A Iris é uma estrutura responsável por dar cor aos nossos olhos, ela é composta basicamente por duas camadas — uma mais anterior complexa e única que dá a cor dos nossos olhos — e uma mais posterior que impede que a luz indesejada entre nos olhos. Por ser altamente complexa, essa camada anterior é utilizada como excelente identificador biométrico.Não existe nenhuma Íris igual a outra, mesmo entre gêneros idênticos; além disso, elas se mantém ao longo da vida, diferente das impressões digitais
“A íris é uma das características mais únicas de um indivíduo, mais segura que uma impressão digital. No entanto, se esses dados caírem em mãos erradas, as consequências podem ser devastadoras”, explica o especialista. Segundo ele, sistemas que utilizam biometria, muitas vezes, são comercializados como impenetráveis, mas há sempre uma vulnerabilidade.
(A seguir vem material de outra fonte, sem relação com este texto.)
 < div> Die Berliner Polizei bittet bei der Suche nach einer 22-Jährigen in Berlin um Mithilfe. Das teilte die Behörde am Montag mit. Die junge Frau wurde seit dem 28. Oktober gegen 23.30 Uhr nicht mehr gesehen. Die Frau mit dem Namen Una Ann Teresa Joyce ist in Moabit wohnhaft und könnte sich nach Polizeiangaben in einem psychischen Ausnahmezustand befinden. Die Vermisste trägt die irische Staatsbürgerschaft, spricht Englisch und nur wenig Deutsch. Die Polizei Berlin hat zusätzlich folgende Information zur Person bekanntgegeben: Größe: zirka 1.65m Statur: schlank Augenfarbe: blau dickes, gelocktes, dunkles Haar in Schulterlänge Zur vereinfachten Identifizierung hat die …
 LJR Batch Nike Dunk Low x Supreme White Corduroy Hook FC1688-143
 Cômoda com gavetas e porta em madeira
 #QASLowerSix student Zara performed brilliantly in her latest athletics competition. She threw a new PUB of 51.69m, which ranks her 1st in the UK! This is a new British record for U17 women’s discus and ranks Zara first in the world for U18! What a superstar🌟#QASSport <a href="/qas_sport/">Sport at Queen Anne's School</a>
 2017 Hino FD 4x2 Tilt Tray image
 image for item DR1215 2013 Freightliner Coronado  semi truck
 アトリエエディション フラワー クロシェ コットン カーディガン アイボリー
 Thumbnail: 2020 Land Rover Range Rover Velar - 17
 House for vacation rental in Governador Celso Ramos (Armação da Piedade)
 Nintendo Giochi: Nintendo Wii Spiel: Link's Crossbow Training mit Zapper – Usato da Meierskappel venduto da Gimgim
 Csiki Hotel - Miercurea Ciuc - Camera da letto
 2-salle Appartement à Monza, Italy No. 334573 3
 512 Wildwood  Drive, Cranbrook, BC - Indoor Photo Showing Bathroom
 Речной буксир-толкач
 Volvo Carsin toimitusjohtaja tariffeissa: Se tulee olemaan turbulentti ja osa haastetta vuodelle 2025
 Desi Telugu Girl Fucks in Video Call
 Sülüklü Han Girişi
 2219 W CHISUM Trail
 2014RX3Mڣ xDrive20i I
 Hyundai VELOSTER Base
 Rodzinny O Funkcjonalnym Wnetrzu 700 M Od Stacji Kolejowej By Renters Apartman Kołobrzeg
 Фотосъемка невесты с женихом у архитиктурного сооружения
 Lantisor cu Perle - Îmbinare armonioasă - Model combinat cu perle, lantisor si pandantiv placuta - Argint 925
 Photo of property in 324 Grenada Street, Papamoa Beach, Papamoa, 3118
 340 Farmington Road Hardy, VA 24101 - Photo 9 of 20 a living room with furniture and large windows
Diogo pontua que a íris, diferente de uma senha ou PIN, não pode ser alterada. “Se as informações de sua íris forem comprometidas, você não pode simplesmente mudá-las, como faria com uma senha. Isso torna a biometria um alvo atrativo para cibercriminosos”, alerta o especialista.
Diogo Zatta também levanta preocupações sobre os aspectos éticos dessa prática. Ele destaca que muitos países não possuem legislações que regulamentem o uso de dados biométricos. A ideia de ganhar dinheiro ao fornecer informações biométricas pode parecer tentadora para muitas pessoas.
Em um mercado onde as ofertas de pagamento variam de acordo com o país e o nível socioeconômico, essas empresas miram, frequentemente, indivíduos em situação de vulnerabilidade. Zatta ainda menciona que o impacto dessa prática vai além do indivíduo, atingindo a privacidade coletiva.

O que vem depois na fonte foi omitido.